Before using Kafka, it helps to define pub/sub.
pub/sub is short for publish/subscribe, and it is a messaging paradigm used in software architecture. A message is data passed from a publisher to a subscriber in response to an event, command, or processing flow. A rough analogy is React’s useEffect.
function ExampleComponent() {
const [count, setCount] = useState(0);
// useEffect hook to update the document title
useEffect(() => {
// Update the document title using the browser API
document.title = `You clicked ${count} times`;
});
return (
<div>
<p>You clicked {count} times</p>
<button onClick={() => setCount(count + 1)}>
Click me
</button>
</div>
);
}
Conceptual Takeaway
If Kafka is treated as only a message queue, the meaning of partitions, offsets, and consumer groups becomes easy to miss. Kafka is a log-based system that stores events, lets them be replayed, and allows consumers to process them at their own pace. That perspective is what makes failure handling and scaling strategies easier to understand later.
This is a simple example. When the count value changes, the page reacts. Read through a pub/sub lens, the state change becomes the message that triggers the subscriber.
In this analogy, the React component is the subscriber, and useEffect is the subscription to state changes. Each count update becomes a message that the subscriber processes.
When the button below is clicked, the setCount function changes count and can be seen as “publishing” a message.
In this way, the process in which the side that subscribed handles a published message according to some logic is the pub/sub pattern.
The next concept is the message queue. It looks similar to pub/sub, but the difference is in how consumers receive messages.
In a message queue, a consumer processes a message, and that message is sent from one producer to one consumer. In other words, the message stays in a queue, and when a consumer is ready to process it, exactly one consumer processes the message once.
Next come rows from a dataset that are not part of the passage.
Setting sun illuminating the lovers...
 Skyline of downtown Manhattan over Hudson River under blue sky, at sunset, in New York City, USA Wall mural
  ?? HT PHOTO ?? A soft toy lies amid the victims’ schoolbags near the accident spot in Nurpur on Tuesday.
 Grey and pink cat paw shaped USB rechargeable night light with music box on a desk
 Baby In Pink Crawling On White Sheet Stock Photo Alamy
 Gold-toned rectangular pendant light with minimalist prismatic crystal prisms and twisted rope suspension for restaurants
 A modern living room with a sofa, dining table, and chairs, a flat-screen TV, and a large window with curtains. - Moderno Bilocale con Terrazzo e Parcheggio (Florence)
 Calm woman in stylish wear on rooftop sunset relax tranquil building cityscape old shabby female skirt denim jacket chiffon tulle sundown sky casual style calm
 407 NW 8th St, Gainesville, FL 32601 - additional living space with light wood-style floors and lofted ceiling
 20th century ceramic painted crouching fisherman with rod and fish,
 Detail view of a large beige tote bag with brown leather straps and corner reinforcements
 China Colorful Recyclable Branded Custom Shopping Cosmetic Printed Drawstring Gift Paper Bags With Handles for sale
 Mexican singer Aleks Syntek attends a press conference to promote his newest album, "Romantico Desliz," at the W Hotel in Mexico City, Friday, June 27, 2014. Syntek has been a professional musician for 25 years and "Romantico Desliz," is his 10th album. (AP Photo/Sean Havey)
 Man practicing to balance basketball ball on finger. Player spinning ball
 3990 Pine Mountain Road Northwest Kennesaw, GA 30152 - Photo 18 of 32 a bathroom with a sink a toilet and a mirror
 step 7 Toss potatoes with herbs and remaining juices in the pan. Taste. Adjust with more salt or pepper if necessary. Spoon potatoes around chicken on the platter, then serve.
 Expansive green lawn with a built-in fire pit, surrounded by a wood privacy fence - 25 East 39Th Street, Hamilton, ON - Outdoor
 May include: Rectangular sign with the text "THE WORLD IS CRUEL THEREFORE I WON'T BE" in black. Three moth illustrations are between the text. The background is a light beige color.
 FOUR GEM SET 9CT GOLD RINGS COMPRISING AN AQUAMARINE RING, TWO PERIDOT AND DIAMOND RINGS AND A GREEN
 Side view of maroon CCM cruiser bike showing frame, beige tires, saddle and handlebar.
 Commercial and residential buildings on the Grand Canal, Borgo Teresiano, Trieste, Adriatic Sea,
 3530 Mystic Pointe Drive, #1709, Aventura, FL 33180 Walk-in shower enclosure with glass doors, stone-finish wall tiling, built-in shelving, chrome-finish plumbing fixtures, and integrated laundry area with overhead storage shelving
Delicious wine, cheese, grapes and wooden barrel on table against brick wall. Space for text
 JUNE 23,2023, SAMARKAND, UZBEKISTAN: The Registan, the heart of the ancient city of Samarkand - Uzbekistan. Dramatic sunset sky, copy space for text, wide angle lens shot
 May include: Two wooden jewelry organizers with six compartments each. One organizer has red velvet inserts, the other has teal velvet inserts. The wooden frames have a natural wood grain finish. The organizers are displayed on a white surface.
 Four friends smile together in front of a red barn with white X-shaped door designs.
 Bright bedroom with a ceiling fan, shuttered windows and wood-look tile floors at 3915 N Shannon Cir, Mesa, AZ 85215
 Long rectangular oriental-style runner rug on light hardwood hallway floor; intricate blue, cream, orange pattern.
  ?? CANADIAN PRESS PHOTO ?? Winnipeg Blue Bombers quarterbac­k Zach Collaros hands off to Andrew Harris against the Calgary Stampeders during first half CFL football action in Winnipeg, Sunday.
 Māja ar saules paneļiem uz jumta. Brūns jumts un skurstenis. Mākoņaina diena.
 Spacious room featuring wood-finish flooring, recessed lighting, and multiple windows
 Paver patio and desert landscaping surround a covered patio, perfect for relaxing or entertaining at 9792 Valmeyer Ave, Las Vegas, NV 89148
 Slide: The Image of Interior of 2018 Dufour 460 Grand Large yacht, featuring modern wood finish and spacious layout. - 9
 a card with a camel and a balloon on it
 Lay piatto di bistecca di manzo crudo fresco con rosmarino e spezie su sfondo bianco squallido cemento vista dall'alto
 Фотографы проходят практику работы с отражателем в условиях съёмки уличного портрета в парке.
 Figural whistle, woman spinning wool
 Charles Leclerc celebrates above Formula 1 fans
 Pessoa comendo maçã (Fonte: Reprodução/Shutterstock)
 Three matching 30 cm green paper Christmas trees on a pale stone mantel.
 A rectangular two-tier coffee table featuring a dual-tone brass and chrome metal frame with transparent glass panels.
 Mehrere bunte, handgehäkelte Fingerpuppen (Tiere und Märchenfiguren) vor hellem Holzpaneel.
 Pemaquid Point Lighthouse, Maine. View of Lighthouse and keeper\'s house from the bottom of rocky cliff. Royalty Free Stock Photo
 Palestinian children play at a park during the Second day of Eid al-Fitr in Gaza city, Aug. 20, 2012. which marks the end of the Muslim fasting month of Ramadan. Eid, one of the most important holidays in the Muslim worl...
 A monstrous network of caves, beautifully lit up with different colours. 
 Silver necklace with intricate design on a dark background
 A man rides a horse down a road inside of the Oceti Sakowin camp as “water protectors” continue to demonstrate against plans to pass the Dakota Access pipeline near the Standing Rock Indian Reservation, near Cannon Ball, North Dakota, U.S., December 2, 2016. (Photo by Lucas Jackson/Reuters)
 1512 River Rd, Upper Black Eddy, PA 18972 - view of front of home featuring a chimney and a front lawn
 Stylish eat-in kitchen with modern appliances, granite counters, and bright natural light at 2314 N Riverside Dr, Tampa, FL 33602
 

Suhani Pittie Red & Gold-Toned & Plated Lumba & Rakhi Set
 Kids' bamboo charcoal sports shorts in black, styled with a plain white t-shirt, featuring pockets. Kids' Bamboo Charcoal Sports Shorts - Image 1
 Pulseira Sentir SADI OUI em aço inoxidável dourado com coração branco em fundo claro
Examples include RabbitMQ, ZeroMQ, Amazon SQS, and IBM MQ.
In pub/sub, a message is published to a topic while the producer does not know what subscribers exist, and every subscriber takes that message.
Examples include Apache Kafka, Google Pub/Sub, and MQTT.
In conclusion, a message queue is suitable for one-to-one message consuming where order matters, while pub/sub is suitable for environments where scalability and real-time message consuming are important.
It may feel inefficient that all messages in pub/sub spread out to subscribers. However, this is offset by the advantage that messages can be produced without needing to know who the subscribers are, while enabling broad subscriber coupling and processing.
The following are Kafka’s objects.
Topic: a named stream/category for messages with a specific purpose.
Partition(leader): A subfolder under a topic, and the unit divided for distribution and scalability. Both read and write operations happen on the leader.
Replica(follower): A copy of the leader, replicated from the leader by pull. It feels somewhat like a slave DB.
Producer: The entity that publishes data.
Consumer: The entity that subscribes to data.
Offset: It acts like a bookmark that lets a consumer know how far it has read the data.